Problem requirements: Find the line in the entries below that contains "Продается 4-комн. вторичка". Repeat it exactly, and every line after it through the line that contains "زنان و تبلیغات انتخاباتی".

=== Data supplied ===

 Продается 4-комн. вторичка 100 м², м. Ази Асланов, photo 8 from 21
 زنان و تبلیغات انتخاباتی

===
=== Data supplied ===

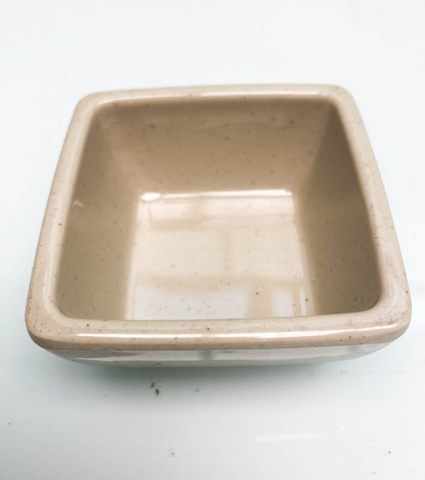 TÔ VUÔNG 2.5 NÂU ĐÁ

===

Response to the exercise:
 Продается 4-комн. вторичка 100 м², м. Ази Асланов, photo 8 from 21
 زنان و تبلیغات انتخاباتی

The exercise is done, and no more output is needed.